Your chatbot uses progressive summarization. A user says 'I told you my budget was exactly $47,500' but the summary only says 'discussed budget constraints.' How do you prevent this information loss?
- This is the fundamental limitation of summarization-based memory: summaries are lossy compression, and specific numbers are exactly the kind of detail that gets lost. The model summarizes “$47,500” into “budget constraints” because it optimizes for brevity, not precision.
- The solution is a dual-memory architecture. Layer one is the running summary (captures themes and context). Layer two is a structured fact store — a key-value dictionary that extracts and preserves specific data points: numbers, dates, names, commitments. After every user turn, run a cheap extraction call asking what specific facts the user mentioned. Store results like
{'"budget": "$47,500", "deadline": "March 15"'}. - The fact store is injected into the system prompt separately from the summary. It is never summarized or compressed — it persists verbatim for the entire conversation. The token cost is small (a few hundred tokens) but the reliability improvement is massive.
- The architecture becomes: system prompt (never dropped) + fact store (never summarized) + running summary (compressed older context) + recent messages (verbatim last N turns). Each layer has different compression characteristics.
You are processing 50-page legal contracts. The full document is 80,000 tokens but the model's context is 128K. Do you stuff it all in, or chunk and retrieve?
You are processing 50-page legal contracts. The full document is 80,000 tokens but the model's context is 128K. Do you stuff it all in, or chunk and retrieve?
- The instinct to “just stuff it all in since it fits” is the most common mistake. You still need room for the system prompt, the question, and the response. At 85-90% context utilization, quality degrades due to the “lost in the middle” problem.
- The answer depends on query patterns. For specific clause questions (“What does Section 4.2 say about indemnification?”), chunk-and-retrieve is clearly better. Embed each section, retrieve the 3-5 most relevant, and the model focuses on what matters. This costs less, runs faster, and is more accurate because the signal-to-noise ratio is higher.
- For cross-referencing questions (“Are there contradictions between termination and renewal clauses?”), use a two-stage pipeline: first retrieve the 5-8 relevant sections, then present only those. You get cross-section reasoning without 40 irrelevant pages.
- Full-document stuffing only makes sense for open-ended summarization where every section might be relevant. Even then, hierarchical summarization (summarize each section, then summarize summaries) often produces better results because the model focuses on each section independently.
Explain the difference between LLMLingua-style mechanical compression and LLM-based extractive compression. When would you choose each?
Explain the difference between LLMLingua-style mechanical compression and LLM-based extractive compression. When would you choose each?
- LLMLingua uses a small language model to remove tokens that contribute least to meaning — intelligent truncation at the token level. It is fast (runs locally, no API call), cheap, and predictable. The output reads oddly to humans but retains information the LLM needs.
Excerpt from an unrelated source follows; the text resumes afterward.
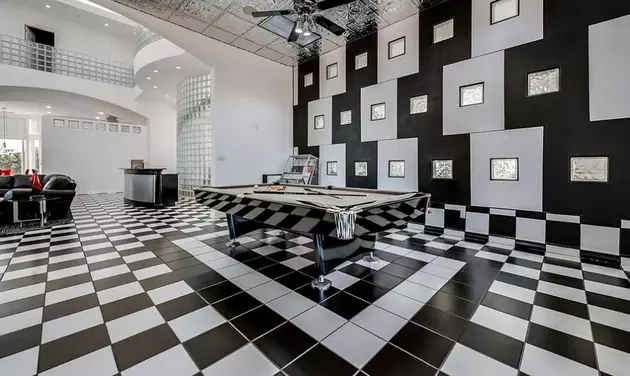 Texas House For Sale Has &#8216;Beetlejuice&#8217; Vibes- Also A Recording Studio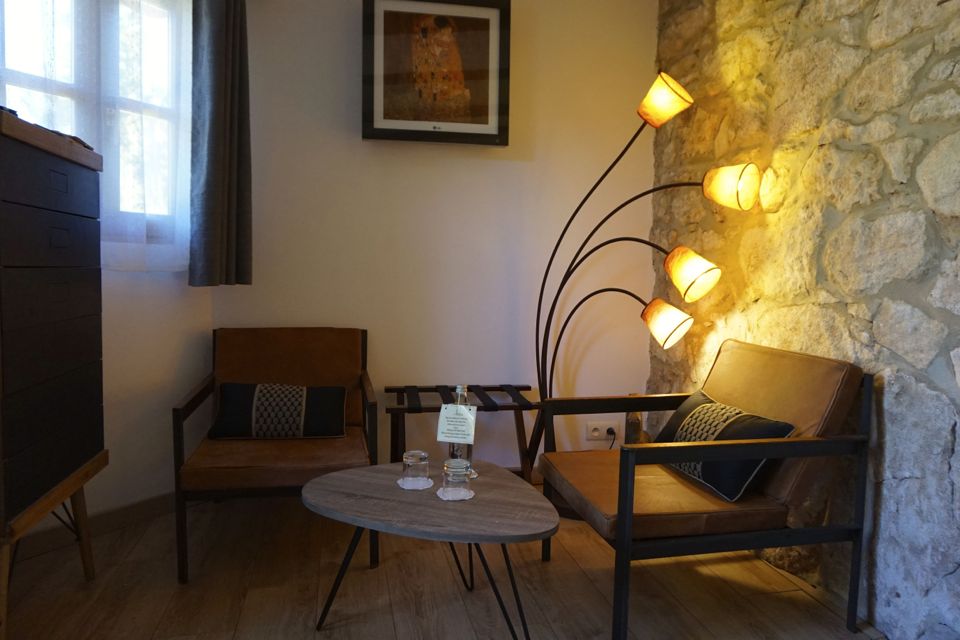 hotel restaurant a cheda bonifacio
- LLM-based extractive compression selects the most relevant sentences given a specific query. It produces clean, readable output but costs an API call and adds latency. It is smarter because it can prioritize based on the query.
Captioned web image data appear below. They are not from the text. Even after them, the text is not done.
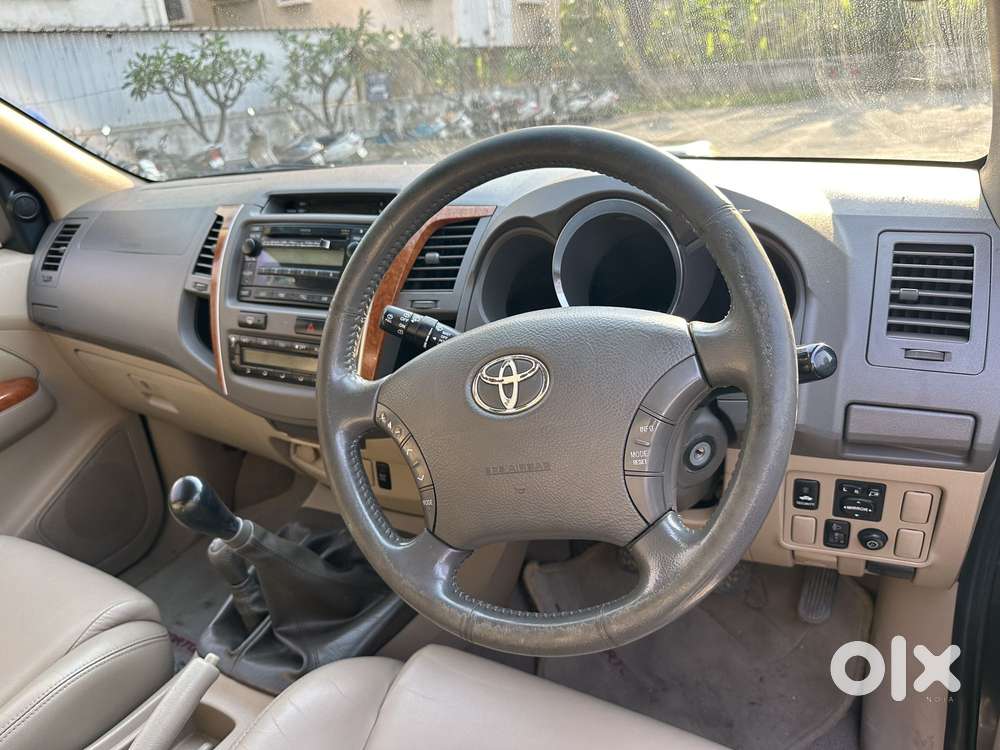 Toyota Fortuner 3.0 4x4 Manual, 2011, Diesel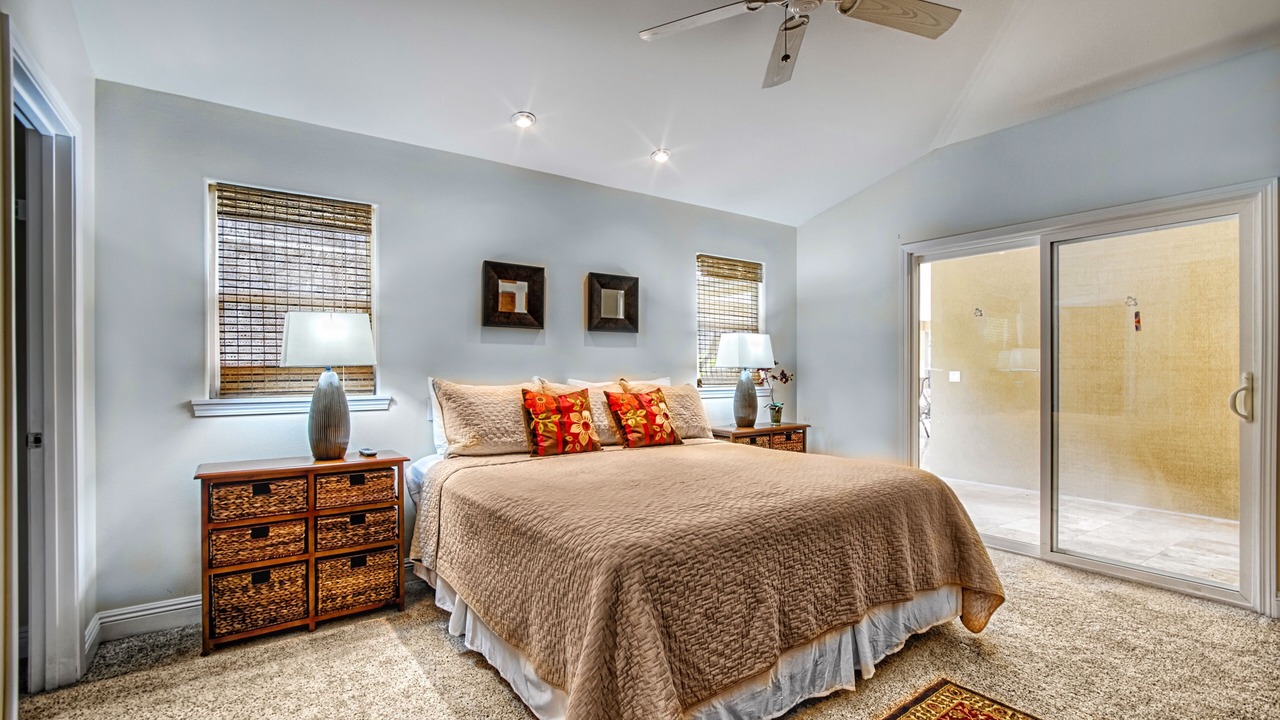 Photo of Bedroom in Kahaluu Bay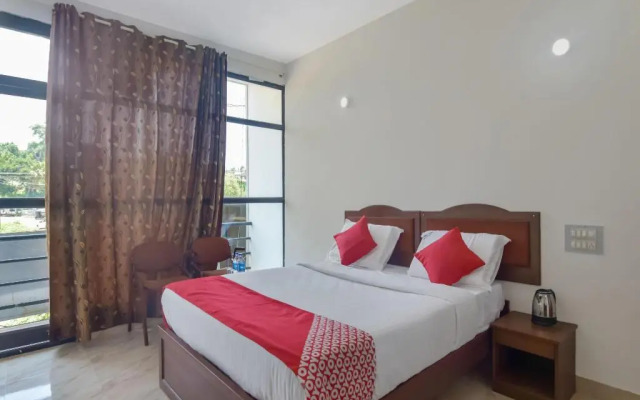Hotel Raj
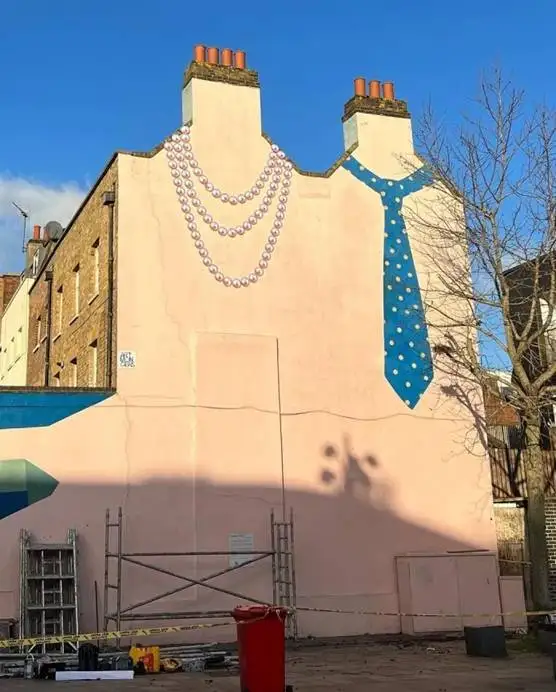 چند شاهکار هنر خیابانی؛ از «پلّکان اژدها» تا «مردی لبۀ پشت بام»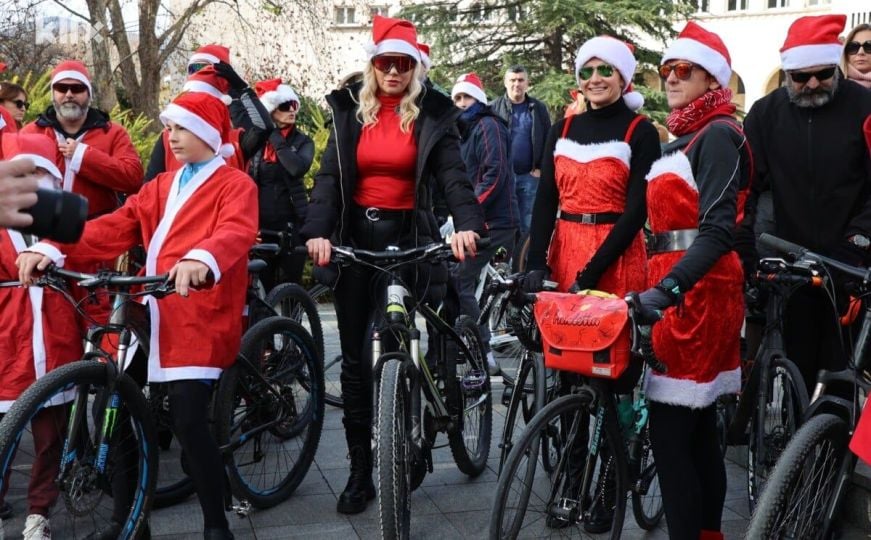 Prelijepe scene iz bh. grada: Održana biciklijada Djeda Mrazova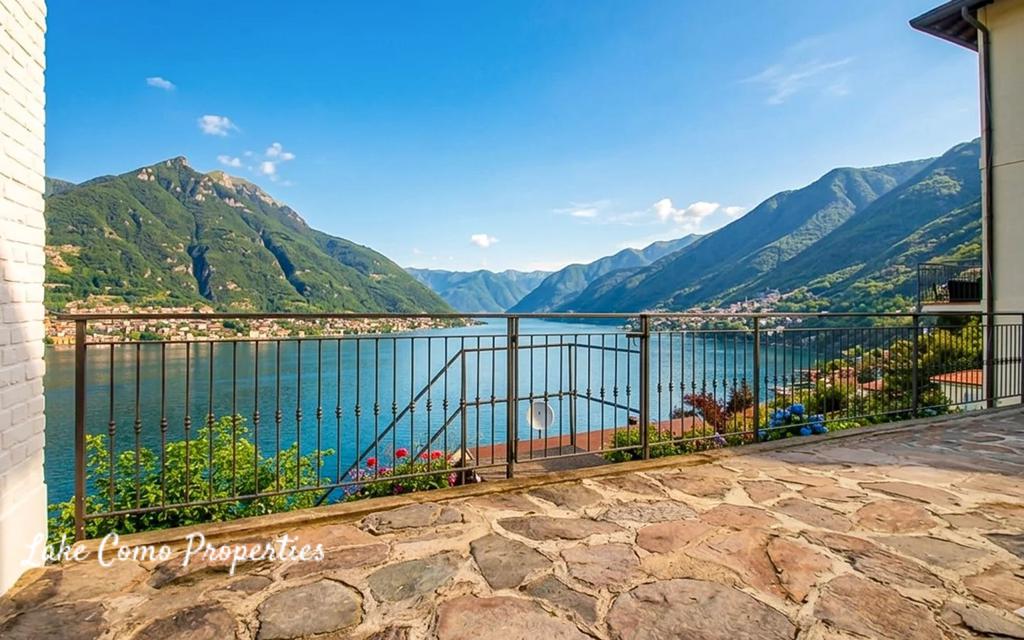 8 room house in Faggeto Lario, photo #2, listing #106337448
- Choose LLMLingua for compressing large contexts quickly and cheaply (e.g., 10 retrieved documents before a RAG call) when readability does not matter. Choose extractive compression when output might be shown to users or when query-specific relevance matters more than uniform compression.
- The fundamental risk of any compression: you irreversibly discard information before the model sees it. If the compression removes a critical sentence, no prompt engineering recovers it. Mitigation is conservative compression ratios (keep 50-70%) and always compressing with the user’s query as context.